Seppure la motivazione non è più la fame, l’uomo può abdicare al suo ruolo di predatore assegnatogli dalla Natura? Che la caccia intesa come “piacere” non “bisogno” e, in modo superficialmente restrittivo, “piacere di uccidere”, possa suscitare sdegno in chi cacciatore non è, è comprensibile e magari anche condivisibile. E non mi convince chi dice che è uno sport come un altro: fosse così potrebbero sparare innocui proiettili che si rompono sulla pelle facendo una macchia rossa a riprova del colpo andato a segno, come avviene nelle esercitazioni militari. Mi convince invece, almeno in parte, la conoscenza di tanti cacciatori che vivono e proteggono l’ambiente tutto l’anno, per i quali il colpo sparato sull’animale è solo la conclusione di un rito fatto di tanti appostamenti con il solo binocolo durante i mesi precedenti. Ma mi toglie ogni benevolenza, al contrario, la conoscenza di altrettanti cacciatori che sparacchiano a tutto ciò che si muove, come dimostrano i tanti morti, soprattutto durante le battute al cinghiale, colpiti dall’amico con cui la settimana prima avevano brindato davanti alle carcasse degli animali uccisi.

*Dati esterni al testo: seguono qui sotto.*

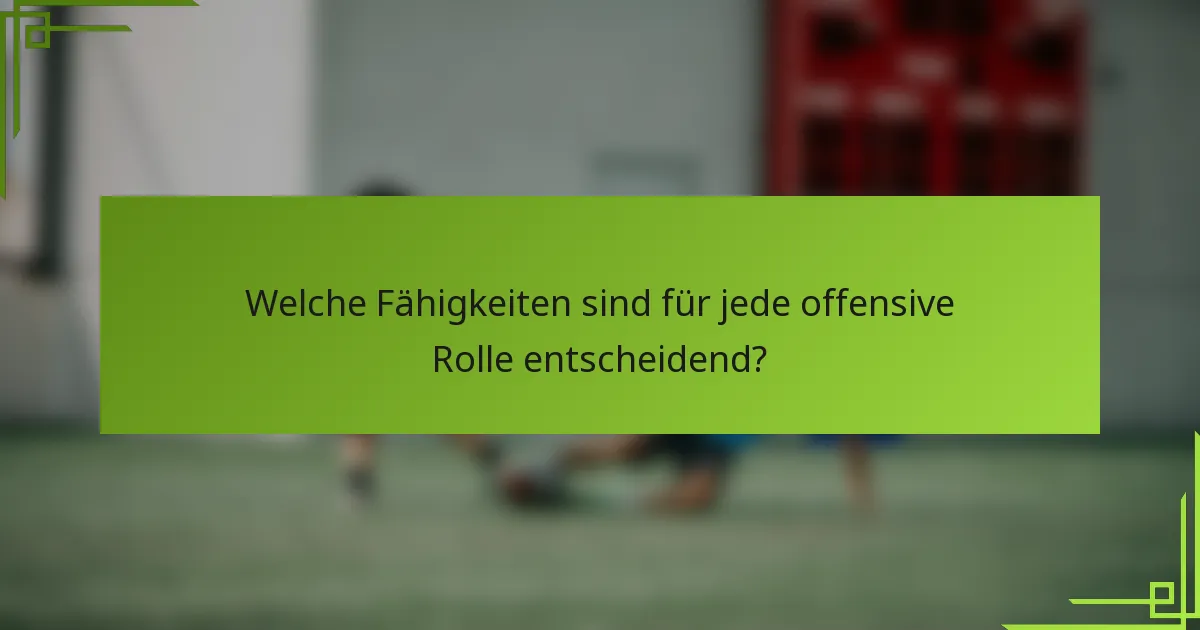 Welche Fähigkeiten sind für jede offensive Rolle entscheidend?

Tuttavia cinghiali e caprioli soprattutto, ma anche daini e cervi sono diventati un autentico flagello per l’agricoltura per cui la risposta razionale è una sola: l’uomo non può abdicare al suo ruolo di predatore assegnatogli dalla natura. Gli spazi a disposizione degli ungulati non sono più gli stessi e costoro non sono “cattivi” se vengono a mangiare ciò che di meglio offre loro il contadino, ma il contadino non è “cattivo” se ha la pretesa di disporre del frutto del proprio lavoro. Pertanto il cacciatore potrebbe essere uno strumento utile, magari per qualcuno arricciando il naso, ma utile. E la caccia di selezione è un dovere naturale per la stessa salute degli ungulati, la cui presenza supera la capacità dell’ambiente di mantenerli sani.

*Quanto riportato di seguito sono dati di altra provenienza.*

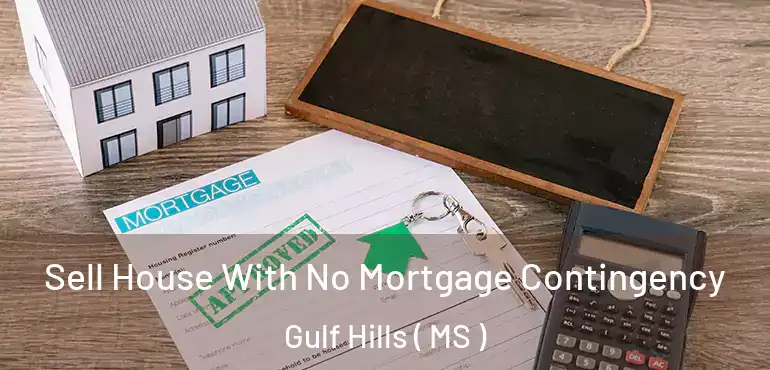  Sell House With No Mortgage Contingency Gulf Hills ( MS )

Ed ecco che l’ambientalista che non può – e ha tutta la mia comprensione – ammettere uno sport che uccide, obietta che questo ruolo spetterebbe agli animali predatori. E chi sono questi predatori? Di fatto, oggi come oggi, anche i lupi, che stanno riconquistando gli spazi perduti e ridiffondendosi in tutta Italia. Ed ecco, però, che nasce invece un altro flagello, questa volta a danno degli allevatori: ormai dal Piemonte alla Calabria sono numerose le segnalazioni di agnelli e capretti, a volte anche pecore adulte, uccisi dai lupi. Evidentemente l’animale domestico è meno faticoso da catturare, così rischia di rivivere l’immagine del lupo cattivo per terrorizzare i bambini.
E pare che il ritorno del lupo non riporti affatto un equilibrio nell’ambiente naturale. Diventa anzi, un altro problema da risolvere, probabilmente in modo abbastanza facile senza bisogno di ricorrere a massacri emotivi, ma questo è un altro argomento che esula da questo articolo. Resta dunque essenziale il ruolo dell’uomo predatore, rappresentato oggi dai vituperati cacciatori.
Carpaccio di cervo proposto durante l’evento “Chef al Massimo” organizzato dalla famiglia Zivieri a Monzuno. La Macelleria Zivieri, ora trasferita a Zola Predosa, è specializzata anche in carni di cacciagione ed è protagonista di un progetto in provincia di Bologna per una vera e propria filiera di queste carni.
Capriolo marinato, un’altra proposta della Macelleria Zivieri nei loro locali; la macelleria con cucina RoManzo, nel cuore di Bologna, all’interno dello storico Mercato di Mezzo; la macelleria con cucina Teatro della Carne, all’interno di FICO.
Torniamo, quindi alla necessità della cosiddetta caccia di selezione che, se organizzata in modo innovativo, potrebbe diventare una sostanziosa risorsa economica per la società, non un costo, come invece oggi spesso è a causa di una burocrazia che a volte arriva a livelli di comicità. Come agire? Con una semplificazione burocratica, un’adeguata informazione, responsabilizzazione dei cacciatori (almeno di quelli disposti ad aggiornarsi a collaborare) e macelli abilitati, formati e controllati. La carne di ungulati non è buona soltanto per piatti grevi e complessi, come vorrebbe una diffusa tradizione, ma può essere benissimo gustata persino cruda o cotta al sangue, in piatti semplici e di breve cottura. E, di fatto, non va intesa, come avviene oggi, come una specialità per i giorni di festa o da mangiare solo al ristorante: non costa di più della carne bovina e, semplificandone l’immissione sul mercato, potrebbe essere un’alternativa molto sana perché l’animale cacciato non si aspetta di morire e la sua carne non risente dello stress del trasporto al macello e quanto segue.